Pourtant, ces crimes ont été documentés par de multiples sources historiques différentes, à l’époque même des faits allégués. Un rapport de Médecins sans frontières de janvier 1995 intitulé «Horreur et esclavage au Liberia» expose que, selon les équipes de MSF elles-mêmes, les soldats d’Ulimo se promenaient en 1993-1994 avec des seaux remplis d’organes humains et les mangeaient à des fins de rituels. Une dépêche de l’agence Reuters de décembre 1993 indique que les organisations humanitaires se sont retirées des zones contrôlées par Ulimo après avoir subi des attaques et du pillage, les commandants d’Ulimo terrorisant, d’après les travailleurs humanitaires, les villageois avec des exécutions sommaires et du travail forcé. L’AFP quant à elle notait que ULIMO au même moment avait pillé tout ce qu'elle pouvait dans la base du HCR, un employé belge ayant été frappé à la tête pour avoir été trop lent à remettre son matériel. Ces crimes du groupe Ulimo ont aussi été mis en lumière par le rapport de la Commission vérité et réconciliation du Liberia rendu public en 2009.
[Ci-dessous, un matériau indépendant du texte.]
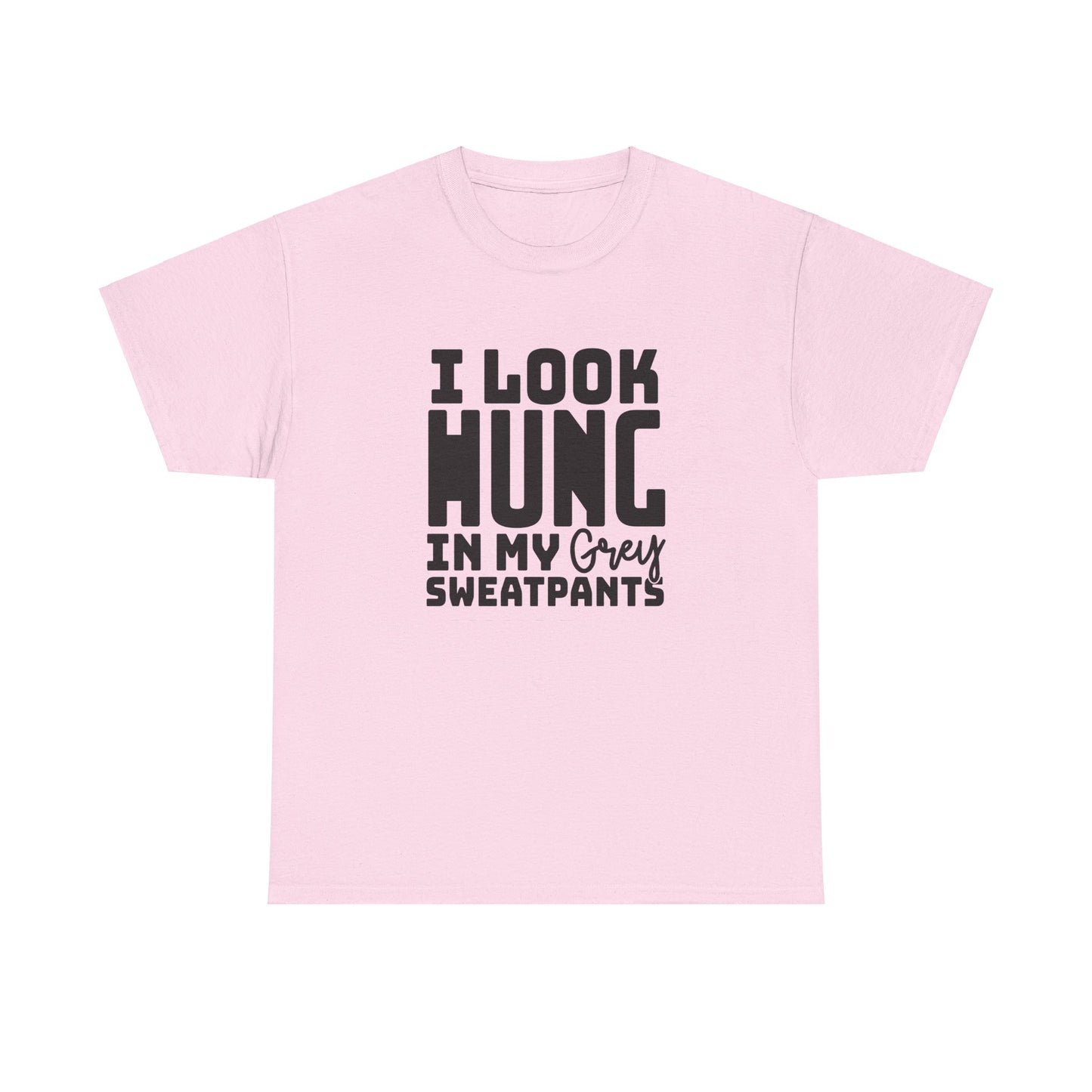 I Look Hung In My Grey Sweatpants - Unisex Heavy Cotton Tee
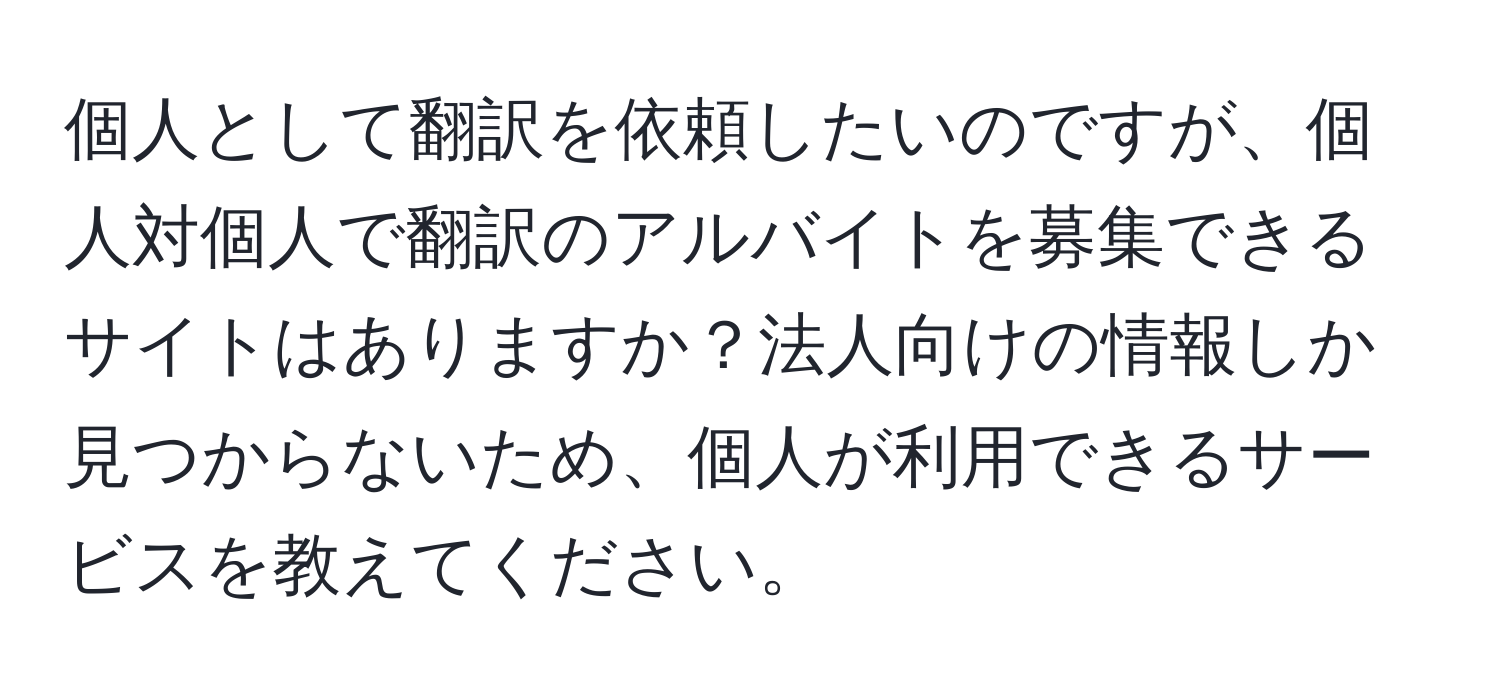 個人として翻訳を依頼したいのですが、個人対個人で翻訳のアルバイトを募集できるサイトはありますか？法人向けの情報しか見つからないため、個人が利用できるサービスを教えてください。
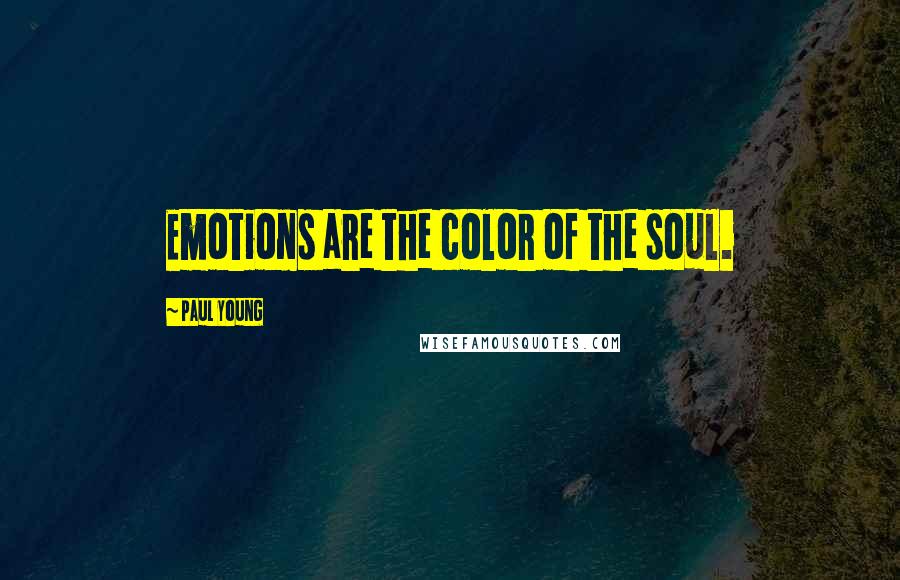 Paul Young Quotes: Emotions are the color of the soul.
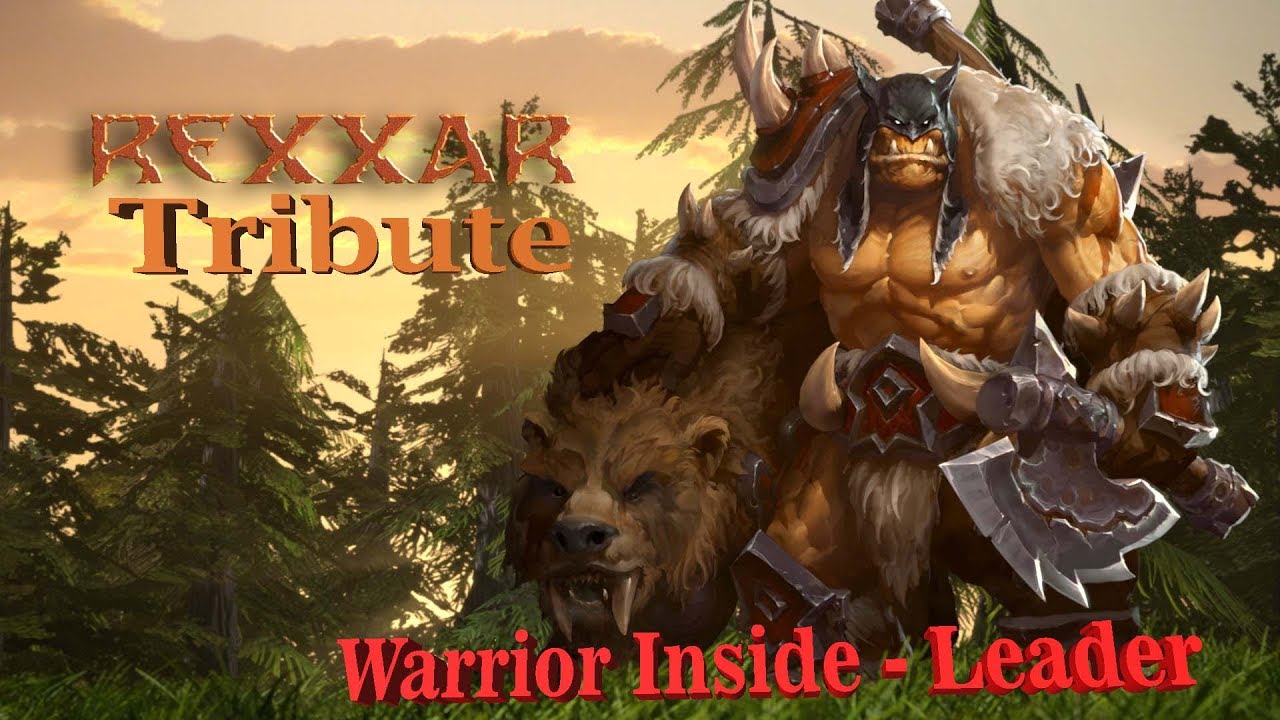 Rexxar Tribute - Warrior Inside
Mais en attendant, une question se pose: est-il nécessaire de tout nier si l’on est accusé de crimes internationaux?
Pas nécessairement.
Le grand avocat de défense français François Roux a écrit: «Le travail de l’avocat devant les tribunaux pénaux internationaux est aussi un travail au service de la justice, de la vérité, au moins judiciaire, et de la paix. Et si donc l’analyse du contradictoire que fait l’avocat le conduit à considérer que l’accusé n’est pas innocent des crimes qui lui sont reprochés, ou tout au moins de certains, son rôle ne se résout pas à une contestation dans un «jeu de poker menteur» avec le procureur, mais peut au contraire, par la confiance que lui seul peut établir avec l’accusé, accompagner celui-ci sur un chemin de reconnaissance de culpabilité, voire de demande de pardon.»
François Roux a ainsi plaidé trois fois l’acceptation de responsabilité pénale pour des personnes accusées de crimes internationaux, dont deux fois avec succès: pour Vincent Rutaganira et pour Joseph Nzabirinda devant le Tribunal pénal international pour le Rwanda (TPIR). Il l’a fait aussi pour Kaing Guek Eav, alias Duch, devant les Chambres extraordinaires des Tribunaux cambodgiens (CETC), et ce, contre l’avis de son confrère cambodgien aussi constitué pour Duch.
Si d’autres avocats internationaux ont suivi le même chemin dans d’autres procès, et notamment devant le Tribunal pour l’ex-Yougoslavie (TPIY), cette démarche reste l’exception, étant entendu qu’il incombera naturellement toujours aux procureurs de prouver la culpabilité de toute personne prévenue de crimes internationaux. Et jamais l’inverse.
Ayant œuvré pendant vingt ans au côté des victimes dans ces procès pour crimes internationaux, je pense néanmoins que si davantage d’avocats de défense concevaient leur rôle d’acteurs de justice comme l’a fait François Roux, alors l’idée selon laquelle la paix est le fruit de la justice se verrait renforcée.
Cet article est apparu premièrement dans Le Temps dans le cadre d'une collaboration entre Civitas Maxima et Le Temps, le 18 octobre 2022.